> Exercise brief
Line by line, transcribe the data below exactly and pass over the images.

*** Opening Data to use ***

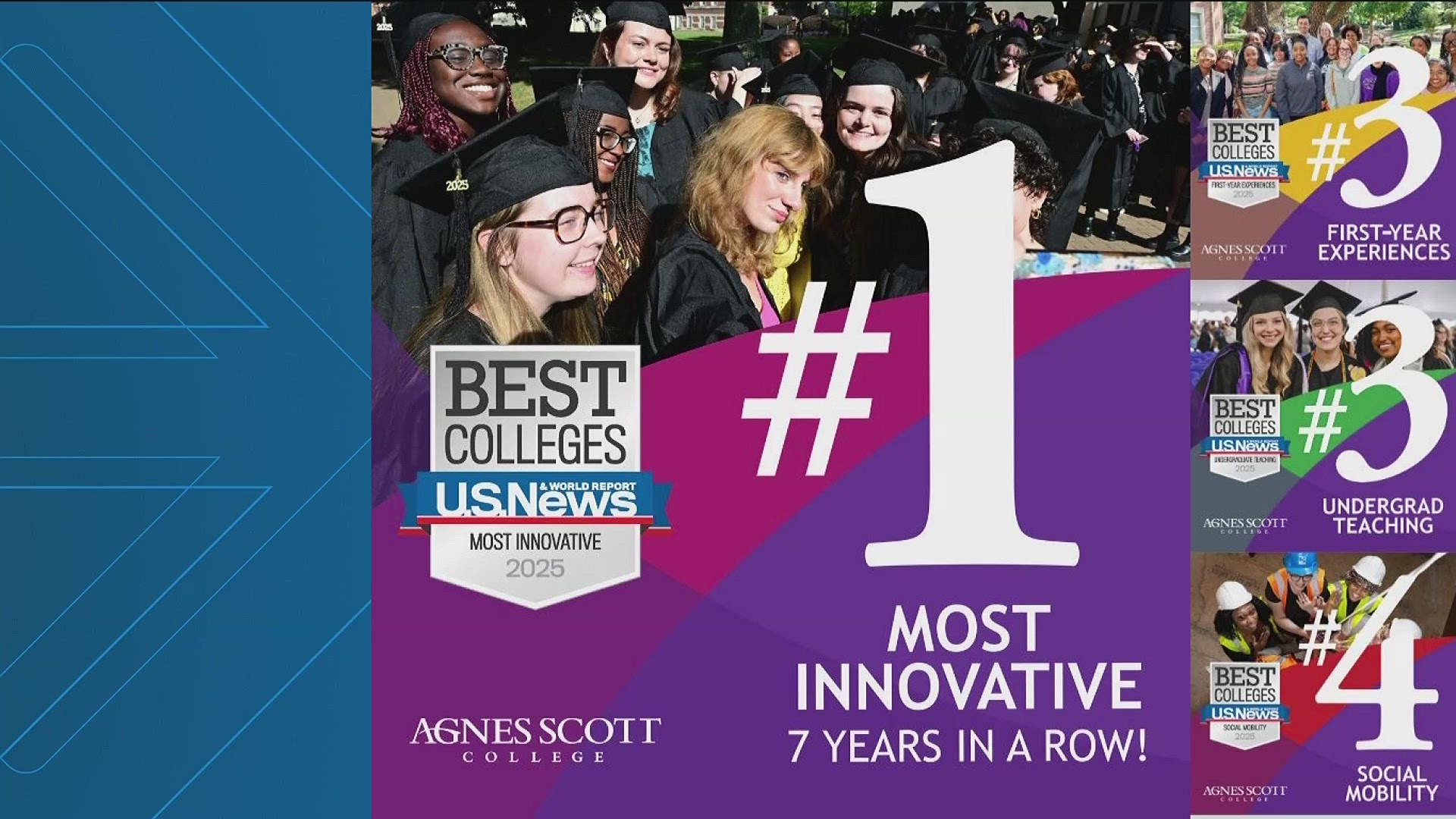 Georgia's Agnes Scott College ranks #1 most innovative college, report ...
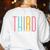 Third Grade Girls Boys Teacher Team 3rd Grade Squad Women's Sweatshirt Back Print White Third Grade Girls Boys Teacher Team 3rd Grade Squad Women's Sweatshirt Back Print White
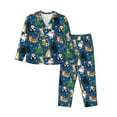 thumbnail image 1 of Fotbe Different Cats Christmas Conjunto de Pijama de Manga Larga para Mujer con Estampado, Ropa de Dormir de 2 Piezas, Conjunto de Casa Suave y Cómodo con Bolsillos-Small, 1 of 7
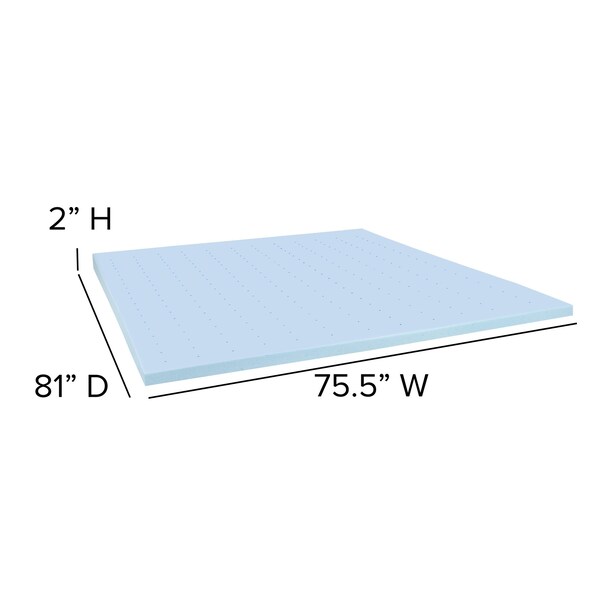 Flash Furniture 12" King Mattress, 14" Bed frame & 3" Topper Set - XU-BD10-12PSM2M35-K-GG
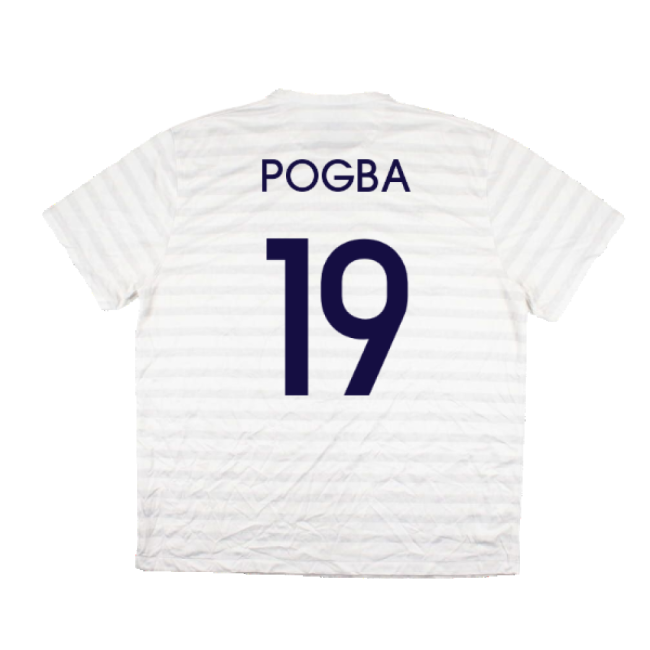 France 2014-15 Away Shirt ((Very Good) XXL) (Pogba 19)-The Soccer Shirt Hub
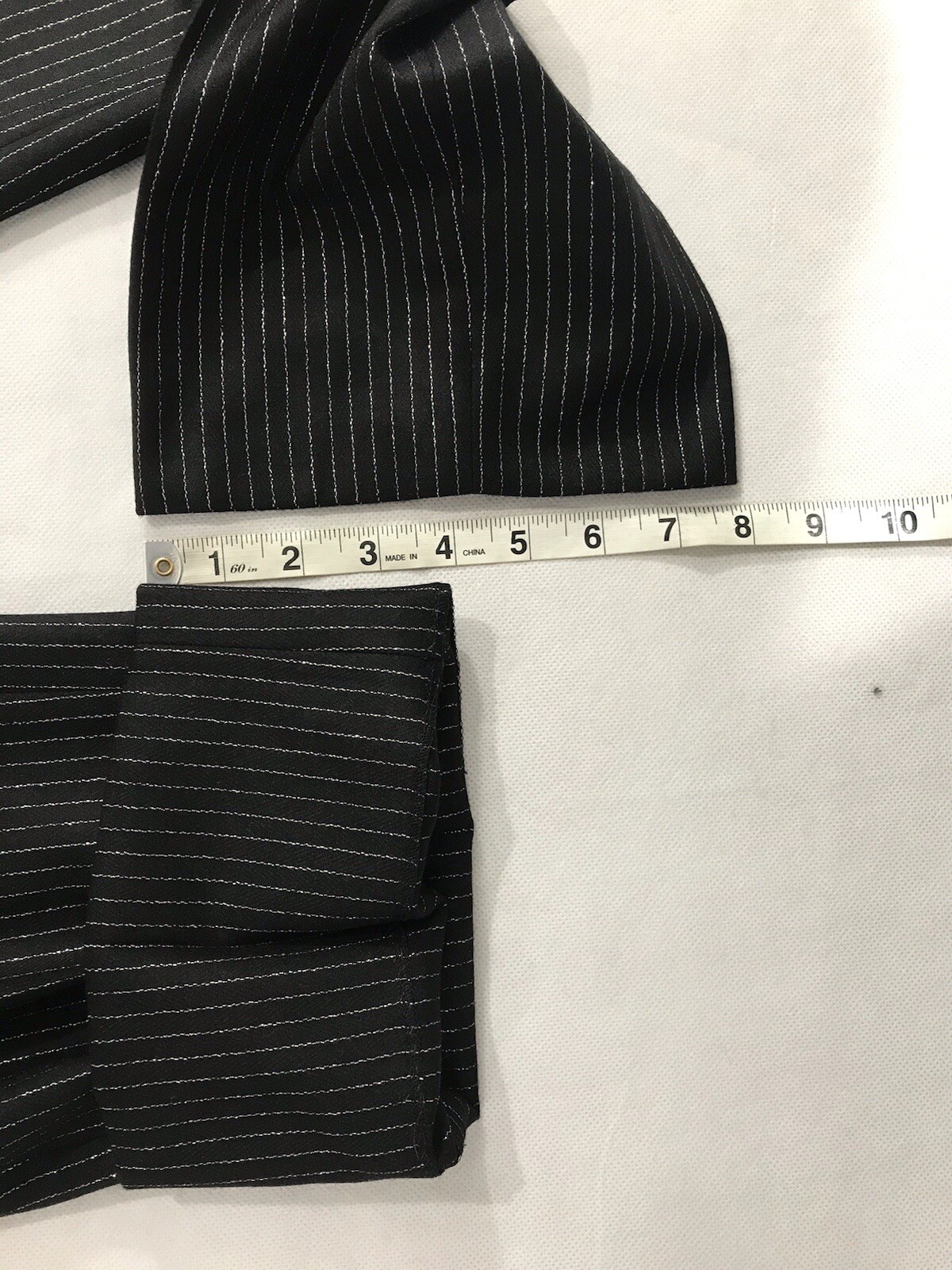 pantalone sartoriale uomo saint laurent righe argento misto lana. 52 36. $1090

*** Closing Data to use ***

> Solution for this problem
 Georgia's Agnes Scott College ranks #1 most innovative college, report ...
 Third Grade Girls Boys Teacher Team 3rd Grade Squad Women's Sweatshirt Back Print White Third Grade Girls Boys Teacher Team 3rd Grade Squad Women's Sweatshirt Back Print White
 thumbnail image 1 of Fotbe Different Cats Christmas Conjunto de Pijama de Manga Larga para Mujer con Estampado, Ropa de Dormir de 2 Piezas, Conjunto de Casa Suave y Cómodo con Bolsillos-Small, 1 of 7
 Flash Furniture 12" King Mattress, 14" Bed frame & 3" Topper Set - XU-BD10-12PSM2M35-K-GG
 France 2014-15 Away Shirt ((Very Good) XXL) (Pogba 19)-The Soccer Shirt Hub
 pantalone sartoriale uomo saint laurent righe argento misto lana. 52 36. $1090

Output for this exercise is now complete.